The new system should mean shorter wait times to get to the chalet during peak season at the ski hill
New Grouse Gondola web
Grouse Mountain media spokesperson Melissa Taylor shows off the gondola that will replace the old blue tram.

It’ll soon be a quicker ride to zip to the chalet of North Vancouver’s iconic Grouse Mountain.

Grouse Mountain Resort will start work next month on a project to add a state-of-the-art gondola system to carry skiers and tourists up the mountain.

Work will start Sept. 9 on the $35-million project, which will replace the 56-year-old blue tram which has been used only for carrying freight and resort employees for the past several years.

When finished, the new gondola will operate alongside the current red Skyride tram, approximately doubling the number of people per hour who can be whisked from the parking lot at the base of the mountain to the chalet at the top.

The two lifts will be able to carry about 1,900 people per hour and cut down on line-ups at peak times, said Melissa Taylor, spokesperson for the resort.

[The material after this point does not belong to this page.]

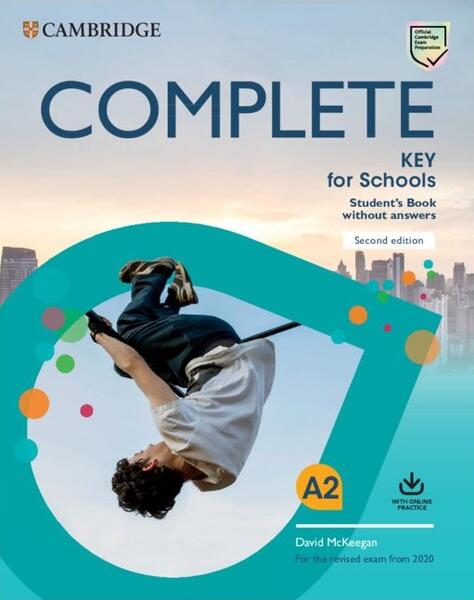 Complete Key for Schools, Student's Book without Answers with Online Practice - Cambridge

The red Skyride, which can carry 900 guests per hour, will still be in use for the foreseeable future. The new gondola will have a capacity of 1,000 guests per hour, making the trip in 5.5 minutes.

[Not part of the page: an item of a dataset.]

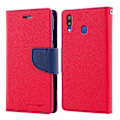 Pikkukuva 2 / 2: MERCURY Fancy Diary - Samsung Galaxy M20 - Punainen Red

Plans are to complete the gondola project by the spring of 2024 – in time for celebrations marking the ski hill’s centennial year in 2026.

The first double chairlift was built at the North Vancouver ski resort in 1949.

The blue Skyride tram, which the gondola will replace, first opened on the mountain in 1966.

In addition to being much newer, the gondola will be a different lift system than the Skyride tram currently used to carry guests up and down the mountain.

The current system is often referred to as a gondola, but it’s actually a tram, said Taylor.

Trams operate by pulling one or two larger cabins attached to a cable up and down the mountain. Gondolas involve loading multiple smaller cabins continuously as part of a looping system.

The new lift system at Grouse will include 13 towers and 27 eight-person gondola cabins, which the resort said would allow the ski hill to return to its original capacity when both the blue and red Skyrides were fully operational.

The first phase of the project this September and October will be clearing trees on the easement for the existing blue tram to allow for construction of the 13 tower bases.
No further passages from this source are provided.